Here's our approach, both the legacy system and the new systems emit Domain Events, which are published to Kafka. Each Kafka topic is backed by MongoDB collection using the Kafka MongoDB connector for Fault Tolerance and HA purposes. Each of these collections is replicated over a MongoDB replica-set. In case of failed processing of the domain event, the failing side emits an event for compensating transactions instead of rollback. Any outage on either side is covered via two factors:

  1. Kafka Messages are persisted for durations longer than the outage of either of the services

  2. On being live again each of the services starts from where the consumer offset was when they went offline

There isn't much we have to do as developers for either of these provisions but knowing that we have these provisions is more than just handy knowledge.

Handling Failures

Handling failures, like most modern architectures is a layered approach in this case. So let's look at them from the perspective of where we choose to tackle them.

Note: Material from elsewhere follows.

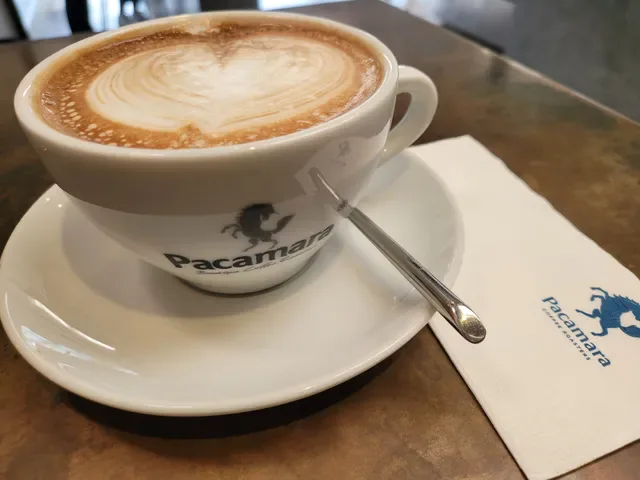 Pacamara Coffee Roaster Thonglor 25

  • Outages: are best handled at the infrastructure layer, if you're deploying both the legacy and new services in Kubernetes (which makes sense for that matter as you'll be phasing out the legacy system with newer services eventually) then we can leave it to Kubernetes liveness and readiness probes coupled with deploying services as a stateful or replica set to get over the outage issue. If the legacy system is too old to run as a stateless service, you're still not out of luck here, you can deploy the traditional Sticky session clusters fronted with a load-balancer by using internal ingresses in Kubernetes too. So there too the master slave cluster gives you some degree of protection against the outages.

  • Dirty Reads: If Choreography has scared the daylights out of any of your colleagues it's most likely for the fear of this, a comprehensive explanation on how to mitigate this via design in a whole blog post in itself so I'd like to keep it short. Dirty reads are more likely to occur in the case of bi-directional integration, by that I mean both services are reading or writing to each other. And if you find yourself doing that, just stop, you've perhaps created too many routes for data change, it's better to design for all operations on the data that is owned by new services to happen in the new service only and the associated events flow to the legacy app, and vice-versa. Even if you have a duplex of Domain Events, don't allow the legacy system to update its copy of new system data directly nor should the new system allow editing the copy of the legacy system directly. Keep clear separation of traffic is what I'm saying essentially.

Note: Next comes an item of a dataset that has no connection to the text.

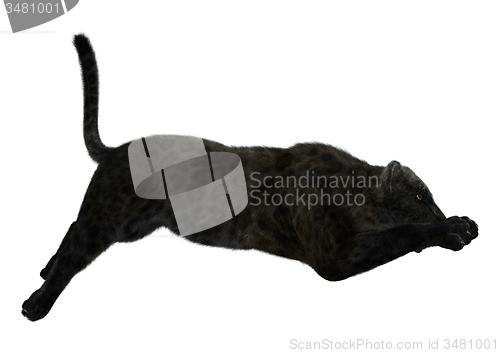 Image of Big Cat Black Panther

  • Idempotence: this is a tricky one, while idempotent API Operations can be guaranteed within the context of each of the systems integrated, there's an additional Domain Event whose consumption should also lead to idempotence, which means that consumption of Domain Events also has to preserve the idempotence on both sides of the integration. A simple rule of thumb here is to follow what their APIS do; a CREATE API call is easiest to handle, and the Create Domain Event can never be idempotent. What about DELETE, PUT? That's where idempotence has to be preserved (assuming the legacy system did respect this principle in the first place, or else God bless you!). We've noticed that using upsert operations for processing PUT Domain Event helps a lot. DELETE Idempotence is tricky, should I keep sending 200 OK when deleting an ID repeatedly? or throw an error the second time around? We chose the first option in our REST API design so we followed the same norm when processing a Domain Event for DELETE, allowing it to fail silently when deleting a deleted entity.

Conclusion

Choreography is a strong pattern in Microservices and is here to stay for good. This blog post however was our attempt to show that we can improvise to use well-established patterns for much wider goals than they were envisioned for. It requires a bit of imagination, lots and lots of reading, hours of experimentation and not to forget, the temperament the handle their failures. I hope this blog helps fellow engineers with one more option to consider while in the transition phase of their microservices journey where new services have to integrate and play well with legacy systems that are built on completely different designs and patterns altogether.